I'm confused. Why would you be running Docker using the caddy
user?
Anyway this seems to make sense on paper, but I'd like @carlwgeorge to review as well.
The problem is that the numeric UID of the caddy user happens to overlap with one or more users inside Docker containers.
On my host, the caddy
user has the UID 999
. If the user in a container happens to have the same UID, systemd would attribute those processes to the caddy user and conclude that the limit has been reached.
The limit seems to include threads as explained in setrlimit(2):
The maximum number of processes (or, more precisely on Linux, threads) that can be created for the real user ID of the calling process.
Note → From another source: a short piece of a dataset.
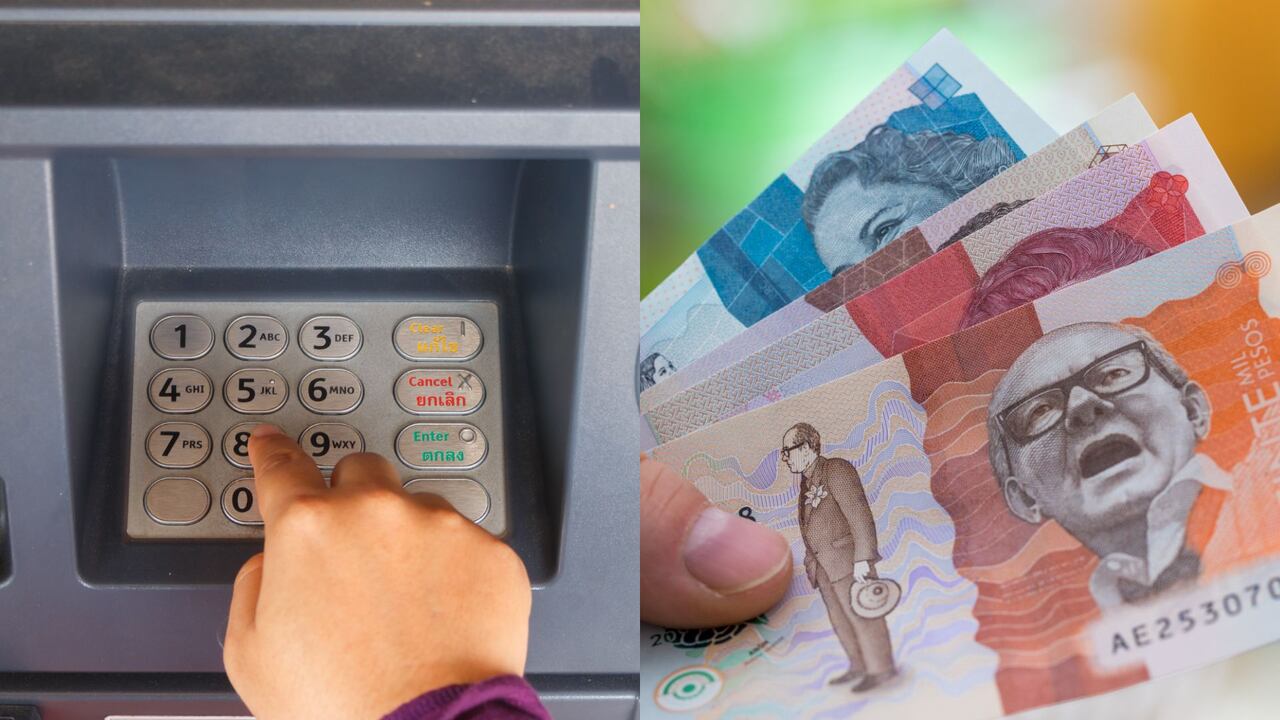 Tenga en consideración varias recomendaciones en materia de seguridad para preservar su dinero.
Upon encountering this limit, fork(2) fails with the error EAGAIN.
I used the following bash script to determine the current value:
sudo ps -U caddy -h -o nlwp | awk '{total += $1} END {print total}'
This yields 749
on my system with all services and containers running. LimitNPROC=800
works, but the unit fails to start once I switch to LimitNPROC=700
.
The task limit is much more reliable and better reflects reality:
● caddy.service - Caddy
Loaded: loaded (/etc/systemd/system/caddy.service; enabled; vendor preset: enabled)
Active: active (running) since Thu 2023-12-28 20:45:05 CET; 8min ago
Docs: https://caddyserver.com/docs/
Main PID: 1885185 (caddy)
Tasks: 8 (limit: 512)
Memory: 12.7M
CPU: 413ms
CGroup: /system.slice/caddy.service
└─1885185 /usr/bin/caddy run --environ --config /etc/caddy/Caddyfile
1 parent process + 7 children -> 8 tasks
The main offender in my case is the browserless/chrome container.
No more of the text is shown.